With these experiences directly from the land in South Dakota fresh in their minds, the workers met to draft a report of their assessments, and the Lewinsky affair hit the news. The workers, who had endured so much abuse and hostility, were dismayed and discouraged. It seemed to them that Bill Clinton had added to the hostility against him in such a way as to nullify the hard work the field workers had done in behalf of him and the Democratic Party. Instead of getting to work on the report of how they assessed chances for a new farm program, they worked on a memorandum asking Bill Clinton to resign the presidency.

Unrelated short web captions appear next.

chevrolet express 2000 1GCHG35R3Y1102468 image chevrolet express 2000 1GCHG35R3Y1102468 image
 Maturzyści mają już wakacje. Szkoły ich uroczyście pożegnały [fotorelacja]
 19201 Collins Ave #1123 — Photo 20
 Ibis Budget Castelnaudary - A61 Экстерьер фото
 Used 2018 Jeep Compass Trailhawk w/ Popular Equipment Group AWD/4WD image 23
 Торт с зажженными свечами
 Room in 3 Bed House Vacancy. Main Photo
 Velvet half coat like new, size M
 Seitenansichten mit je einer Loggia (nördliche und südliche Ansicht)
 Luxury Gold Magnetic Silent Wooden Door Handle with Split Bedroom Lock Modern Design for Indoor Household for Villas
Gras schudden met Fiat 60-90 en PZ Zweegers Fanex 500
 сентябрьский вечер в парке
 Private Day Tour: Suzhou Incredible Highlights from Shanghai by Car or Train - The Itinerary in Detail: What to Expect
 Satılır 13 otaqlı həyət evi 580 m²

Senators Daschle and Johnson shared their dismay. Bill Clinton seemed to undercut every positive thing he accomplished, and political workers were left to twist and turn in the winds of hostility he generated. But as the field workers toiled on the memo, the senior staff members from Sen. Daschle's offices, his Senatorial office and his Democratic leadership office, weighed in. They pointed out that much legislation that Democrats had worked on would simply get lost if Clinton were to resign. They made a strong case for not letting important political objectives get lost in the raging scandal over Bill Clinton's personal life. Consequently, the memo was put on hold and was never sent. The proposed farm program, however, got displaced by the impeachment agenda and never received serious consideration in Congress. The exercises in hatred of Bill Clinton siphoned away the energy needed to reform the agricultural marketplace in a way that gives producers a voice in how it operates.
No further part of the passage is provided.